Here, there are definite parallels with recent Marvel efforts. There’s too much focus on lore and world-building at the expense of a storyline and characters you care about, despite some impressive motion-captured performances here and there. The realms of Aveum have descended into an endless ‘everwar’ between kingdoms of feuding magicians, each determined to hold all the power. Worse, the world itself is collapsing in its own magic eco-catastrophe, creating a growing zone of decay and disruption known as the Wound. You play Jak, a raw and reckless young mage hoping to join the Immortals of the title; a sort of team of sorcerer superheroes fighting the armies of Sandrakk and the kingdom of Rasham.
If that sounds like a lot to be getting on with, we’ve only just scratched the surface, with Immortals of Aveum determined to assail you with jargon and epic exposition at nearly every turn. What’s more, Jak is the kind of cocky, snarky but vulnerable upstart that becomes quite obnoxious within the first few hours. Throw in the kind of lazy, witless comic banter that’s become the default tone for superhero movies, and you’ve got a game where the storytelling detracts from the action when it should be making it mean something. There’s an intriguing eco-fable buried in here somewhere, but you’ll have to dig to find it.
Immortals can be a stunning-looking game, and all those spells, flying bodies, and fantasy landscapes makes for some impressive spectacle
The action is frantic...
The action itself is more interesting. While the individual chapters play out much like Call of Duty missions, moving from battle to battle with the odd huge set piece to spice things up, the actual fighting has more in common with the run-and-gun combat of a Doom or Halo. Jak has three colours of magic at his disposal, but they’re basically variations on classic FPS themes, with blue magic covering your rifles and carbines, red magic working as a shotgun, and green magic operating like an assault rifle or SMG. Most battles see you quickly surrounded by large groups of enemies, and the trick is to move fast, dodge and shield from incoming fire, then blast back with the magic that each of your foes likes least. At its best, it’s frantic, breathless, and extremely satisfying.

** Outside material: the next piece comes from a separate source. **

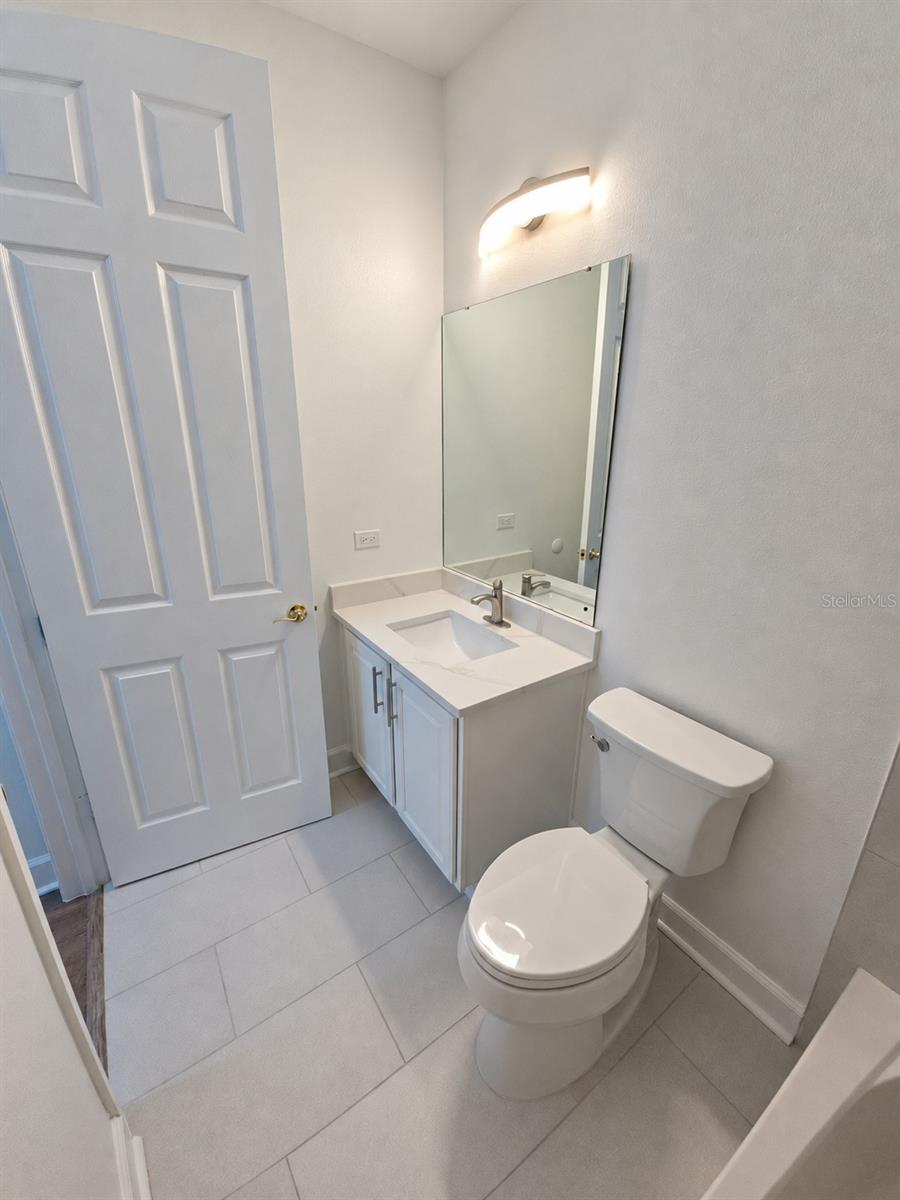 1440 STICKLEY AVE #B — photo 4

Sadly, there’s more to it. As well as the offensive spells, focused through a fancy-pants bracer on your right arm, you have a selection of more defensive spells on your left arm, giving you a shield, a magic bullwhip, or a limpet grenade that slows enemies or objects. On top of this, you have a cluster of more powerful ‘fury’ attacks you can call on by squeezing the R1 button on your controller and tapping one of the face buttons. Beyond that, you need to keep a thumb handy for topping up your health and magic power, or for pushing down both thumbsticks to unleash your special high-damage beam, provided you can power it up by slaying enough foes.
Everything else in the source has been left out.